Hence, from inequality (16), we have that

$$\frac{{\vert {z^{2} - \vert {a_{ii}^{2} } \vert } \vert }}{{\vert {a_{ii} } \vert r_{i} (A) + z c_{i} (A)}} \le1 $$

or

$$\frac{{\vert {z^{2} - \vert {a_{jj}^{2} } \vert } \vert }}{{\vert {a_{jj} } \vert c_{j} (A) + z r_{j} (A)}} \le1. $$

That is, \(z \in\Gamma_{1} (A)\) or \(z \in\Gamma_{2} (A)\), i.e., \(z \in \Gamma(A)\).
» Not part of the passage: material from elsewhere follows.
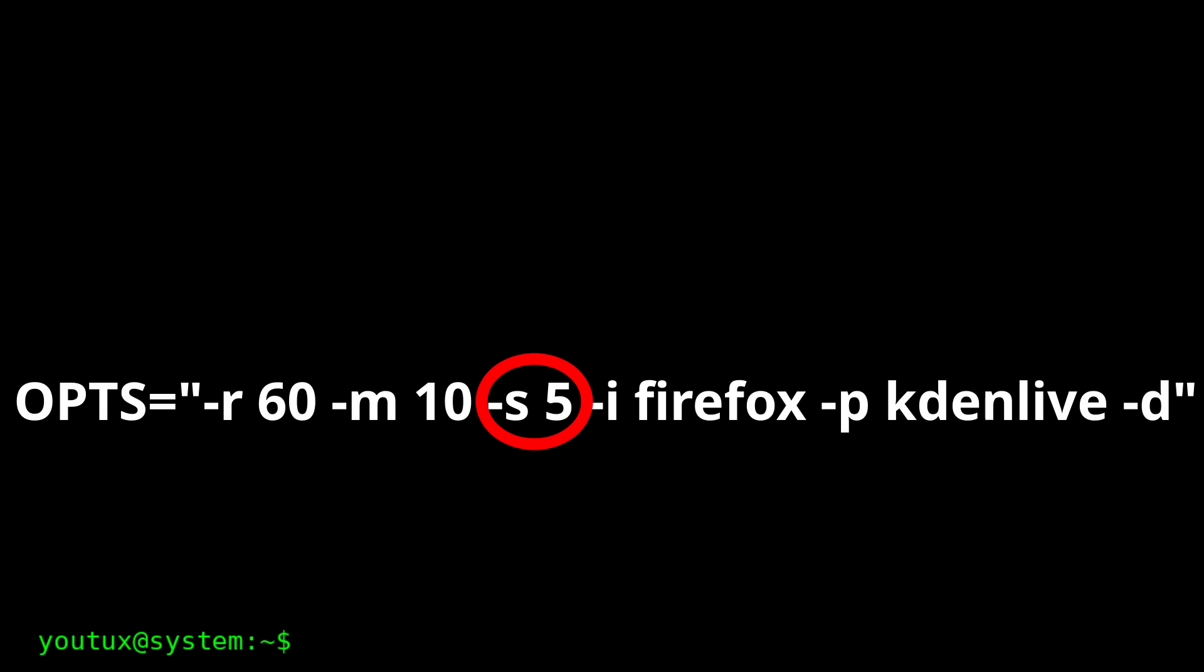Very interesting is the possibility of using two separate values. The first indicates when to start sending the polite SIGTERM signal. The second, when to move to the more drastic SIGKILL.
Similarly, if z is any point of \(\Omega_{1} (A)\) or \(\Omega_{2} (A)\), we can get

$$\sigma(A) \in \Omega_{1}(A) \subseteq\Gamma(A) $$

and

$$\sigma(A) \in \Omega_{2}(A) \subseteq\Gamma(A). $$

Thus, we complete the proof. □

3 Numerical example

Example 1

Let

$$A=\left [ { \textstyle\begin{array}{c@{\quad}c} 1 & 4 \\ {0.1} & {0.5} \end{array}\displaystyle } \right ]. $$

The singular values of A are \(\sigma_{1} = 4.1544\) and \(\sigma_{2} = 0.0241\). From Figure 1, it is easy to see that Theorem 2 is better than Theorem 1 for certain examples. In Figure 2, we can see that the results in Theorem 3 are tighter than the results in Theorem 2, which is analyzed in Theorem 4.

Figure 1
figure 1

Comparisons of Theorem 1 (i), Theorem 1 (ii) and Theorem 2 for Example 1 .

Full size image
Figure 2
figure 2

Comparisons of Theorem 2 and Theorem 3 ( \(\pmb{\Omega_{3}}\) ) for Example 1 .

Full size image

4 Conclusion

In this paper, some new inclusion sets for singular values are given. Theoretical analysis and numerical example show that these estimates are more efficient than recent corresponding results in some cases.